2002 CTOS Annual Meeting Posters — Biology

HUMAN BREAST CANCER CELLS MODULATE THE SURVIVAL AND ACTIVITY OF OSTEOBLASTS
[Abstract ID: 36]

Category: Biology

Authors: Matthew J. Allen¹, Sheila A. Moore¹, Timothy A. Damron¹

Author Institutions: ¹SUNY Upstate Medical University at Syracuse, New York, United States

Presenter: Matthew J. Allen
allenm@mail.upstate.edu

Correspondent: Timothy A. Damron
tdamron@twcny.rr.com
Syracuse New York United States 13202
Ph: 315-464-4472
Fax: 315-464-4664

Objectives: Breast cancer lytic metastases are known to be mediated in part via osteoclast activity. However, we hypothesized that osteoblast inhibition may be an additional contributor to bone loss in this setting. The specific aim was to determine whether soluble factors released from tumor cells are capable of influencing osteoblast growth or synthetic activity.

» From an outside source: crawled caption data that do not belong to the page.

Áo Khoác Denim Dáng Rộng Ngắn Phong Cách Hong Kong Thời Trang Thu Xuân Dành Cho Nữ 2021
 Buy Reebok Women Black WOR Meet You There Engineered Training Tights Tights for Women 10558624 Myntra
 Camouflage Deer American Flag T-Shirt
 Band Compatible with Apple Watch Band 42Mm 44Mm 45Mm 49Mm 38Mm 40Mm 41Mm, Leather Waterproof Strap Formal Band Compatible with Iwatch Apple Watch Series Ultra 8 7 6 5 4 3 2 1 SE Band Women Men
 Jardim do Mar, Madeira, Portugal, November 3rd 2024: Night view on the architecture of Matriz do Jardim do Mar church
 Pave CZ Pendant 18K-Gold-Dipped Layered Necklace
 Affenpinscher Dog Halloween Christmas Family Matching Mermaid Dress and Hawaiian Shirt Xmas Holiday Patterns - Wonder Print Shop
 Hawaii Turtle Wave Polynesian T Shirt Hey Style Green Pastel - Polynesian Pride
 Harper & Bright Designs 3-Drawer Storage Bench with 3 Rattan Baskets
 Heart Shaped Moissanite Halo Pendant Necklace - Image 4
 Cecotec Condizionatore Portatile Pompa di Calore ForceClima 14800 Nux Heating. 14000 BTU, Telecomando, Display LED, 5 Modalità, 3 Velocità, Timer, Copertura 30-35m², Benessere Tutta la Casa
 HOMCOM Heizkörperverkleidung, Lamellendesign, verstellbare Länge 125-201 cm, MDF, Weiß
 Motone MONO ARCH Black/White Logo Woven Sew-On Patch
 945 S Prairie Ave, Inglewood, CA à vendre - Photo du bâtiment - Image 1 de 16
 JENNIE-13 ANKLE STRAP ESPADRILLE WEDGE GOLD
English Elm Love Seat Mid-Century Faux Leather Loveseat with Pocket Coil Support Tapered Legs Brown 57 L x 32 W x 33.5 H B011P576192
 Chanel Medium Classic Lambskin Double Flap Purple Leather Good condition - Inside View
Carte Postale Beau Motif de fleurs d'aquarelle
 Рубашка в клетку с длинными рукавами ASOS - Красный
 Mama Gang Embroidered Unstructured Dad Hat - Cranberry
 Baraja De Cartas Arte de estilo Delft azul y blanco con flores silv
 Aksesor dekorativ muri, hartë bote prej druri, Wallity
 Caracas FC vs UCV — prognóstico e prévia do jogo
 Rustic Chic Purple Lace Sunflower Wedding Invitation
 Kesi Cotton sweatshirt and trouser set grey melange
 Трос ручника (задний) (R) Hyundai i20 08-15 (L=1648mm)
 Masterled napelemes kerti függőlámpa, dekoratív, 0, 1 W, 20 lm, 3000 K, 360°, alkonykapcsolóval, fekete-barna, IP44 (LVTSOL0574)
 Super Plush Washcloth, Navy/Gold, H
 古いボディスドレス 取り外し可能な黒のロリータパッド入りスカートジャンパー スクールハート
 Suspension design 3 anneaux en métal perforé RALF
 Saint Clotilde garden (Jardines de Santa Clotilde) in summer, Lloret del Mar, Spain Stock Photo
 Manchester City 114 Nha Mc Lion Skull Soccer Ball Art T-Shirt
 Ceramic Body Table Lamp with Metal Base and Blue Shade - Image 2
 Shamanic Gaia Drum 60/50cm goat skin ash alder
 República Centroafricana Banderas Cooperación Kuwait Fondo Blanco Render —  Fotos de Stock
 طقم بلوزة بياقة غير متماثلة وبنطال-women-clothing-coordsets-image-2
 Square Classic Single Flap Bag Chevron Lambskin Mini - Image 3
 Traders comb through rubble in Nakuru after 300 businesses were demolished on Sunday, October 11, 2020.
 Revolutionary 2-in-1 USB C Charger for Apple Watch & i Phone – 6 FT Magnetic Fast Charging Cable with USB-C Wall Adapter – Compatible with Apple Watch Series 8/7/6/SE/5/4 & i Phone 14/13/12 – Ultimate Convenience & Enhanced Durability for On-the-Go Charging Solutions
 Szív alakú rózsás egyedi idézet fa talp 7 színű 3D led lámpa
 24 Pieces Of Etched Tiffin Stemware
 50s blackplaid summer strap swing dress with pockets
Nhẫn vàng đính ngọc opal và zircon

Methods: Human breast cancer MDA-MB-435 cells were cultured to confluence. Confluent cells were exposed to serum-free medium to create a tumor-conditioned medium (CM) which was centrifuged and filtered. The conditioned medium was diluted to 0, 0.1, 1, 5, 10 or 20% (v/v) and added to cultured murine MC3T3-E1 osteoblasts. Specimens were analyzed for MTT, alkaline phosphatase (ALP), lactase dehydrogenase, caspase, and mineralization.

Results: Tumor conditioned medium inhibited ALP activity in cultured osteoblasts. This inhibitory effect was observed even at very low concentrations of CM (0.1% v/v). MTT data indicated proliferation of osteoblasts was stimulated in dose-dependent fashion by the addition of conditioned medium. Conditioned medium also induced a marked increase in apoptosis and cytotoxicity at concentrations of 5% or greater. No effect on mineralization was seen.

Conclusions: These data confirm our hypothesis that soluble factors released by tumor cells are capable of modulating growth and synthetic activity of osteoblasts. Although we expected osteoblastic growth inhibition by CM, increased proliferation in response to CM was seen. We hypothesize that breast cancer cells stimulate osteoblast proliferation to recruit and activate osteoclasts while inhibiting osteoblast synthetic machinery, further tipping the scales toward osteolysis. This pathway provides a potential target for therapeutic intervention.